= Abstract
ICU4R is an attempt to provide better Unicode support for Ruby, based
on ICU library.
Project Site: http://rubyforge.org/projects/icu4r/
Download: http://rubyforge.org/frs/download.php/8116/icu4r-0.1.0.tar.gz
RDoc: http://icu4r.rubyforge.org/
= Install Notes
To build ICU4R you'll need GCC and ICU v3.4 libraries, which can be
downloaded from
http://ibm.com/software/globalization/icu/downloads.jsp
Build and install:
ruby extconf.rb && make && make check && make install
= Features
ICU4R is Ruby C-extension binding for ICU library.
It is NOT mirroring full ICU object hierarchy, but is rather set of simple
interfaces for some practically useful functionality, and provides:
- UString : String-like class with internal UTF16 storage;
- UCA rules for UString comparisons (<=>, casecmp);
- Unicode regular expressions;
- encoding(codepage) conversion;
- Unicode normalization;
- access to resource bundles, including ICU locale data;
- transliteration, also rule-based;
Bunch of locale-sensitive functions:
- upcase/downcase;
- string collation;
- string search;
- iterators over text line/word/char/sentence breaks;
- message formatting (number/currency/string/time);
- date and number parsing.
== DISCLAIMER ==
The code is slow and inefficient yet, can have many security and memory leaks,
bugs, inconsistent documentation, incomplete test suite. Use it at
your own risk.
Critics, bug reports, feature requests are welcome :)

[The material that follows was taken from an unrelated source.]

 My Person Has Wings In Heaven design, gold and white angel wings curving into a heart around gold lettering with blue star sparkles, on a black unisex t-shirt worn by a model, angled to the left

WBR, Nikolai Lugovoi <meadow...@gmail.com>
Thanks, this is really interesting - not heard of the ICU library before.
There have been a few threads on Ruby + Unicode recently. Though the answer 'it's not broken' is true in that Ruby won't mess with your low-level UTF-8/16 bytes, the absence of support for semantics of glyphs is a big hindrance for writing multilingual text handling apps. It's things like having character classes like [:alpha:] and methods like String#upcase that actually work. Looks like ICU4r could address this.

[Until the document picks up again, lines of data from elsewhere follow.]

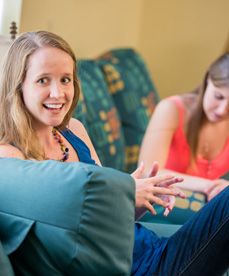 Honors students talking together in a lounge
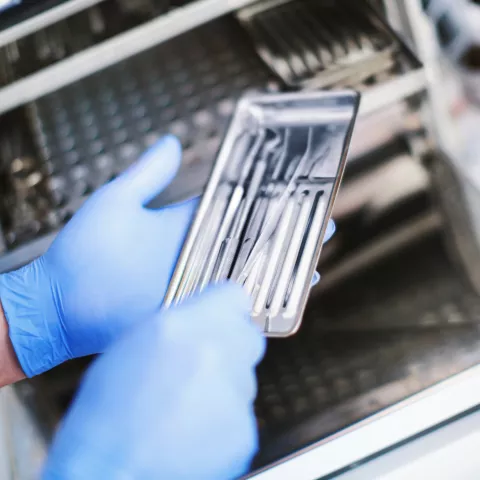 Unrecognizable male dental technician picking dental instruments from a sterilizer for a basic dental set up.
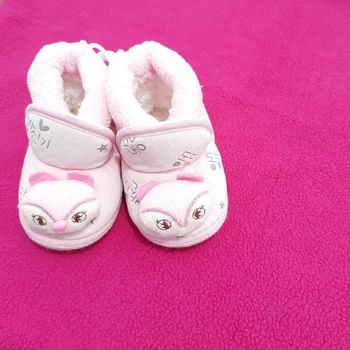 Baby shoes placed beautifully in pink background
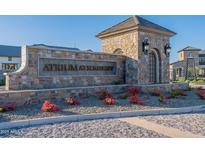 Stone community sign reading 'Atrium at Somerset' with manicured flowerbeds and rock landscaping at 2779 E Derringer Way, Gilbert, AZ 85295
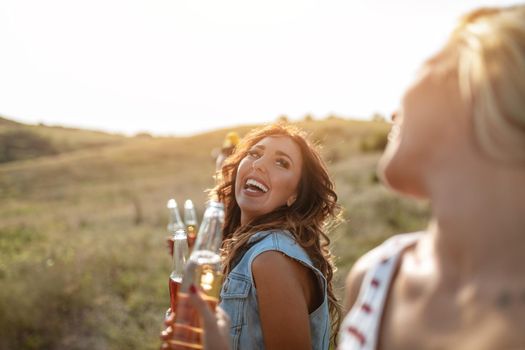 Happy young women are drinking the beer and laughing in the sunset outdoor.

But .. I couldn't try it as the build failed on OS X 10.3 . Installed ICU to /usr/local without a hitch, and ran extconf.rb without problem. But make died with:
SCIPIUS:~/installers/ruby/icu4r alex$ make
gcc -fno-common -Wall -I. -I/usr/local/lib/ruby/1.8/powerpc-darwin7.9.0 -I/usr/local/lib/ruby/1.8/powerpc-darwin7.9.0 -I. -c ustring.c
ustring.c: In function `icu_ustr_new_set':
ustring.c:169: warning: assignment discards qualifiers from pointer target type
ustring.c: In function `icu_reg_get_replacement':
ustring.c:1854: warning: passing arg 4 of `ustr_splice_units' discards qualifiers from pointer target type
ustring.c:1864: warning: passing arg 4 of `ustr_splice_units' discards qualifiers from pointer target type
ustring.c: In function `icu_ustr_substr':
ustring.c:2296: warning: unused variable `n'
g++ -fno-common -Wall -I. -I/usr/local/lib/ruby/1.8/powerpc-darwin7.9.0 -I/usr/local/lib/ruby/1.8/powerpc-darwin7.9.0 -I. -c fmt.cpp
cc -dynamic -bundle -undefined suppress -flat_namespace -licuuc -licui18n -licudata -L"/usr/local/lib" -o ustring.bundle ustring.o fmt.o -ldl -lobjc
ld: multiple definitions of symbol _rb_cUString
ustring.o definition of _rb_cUString in section (__DATA,__common)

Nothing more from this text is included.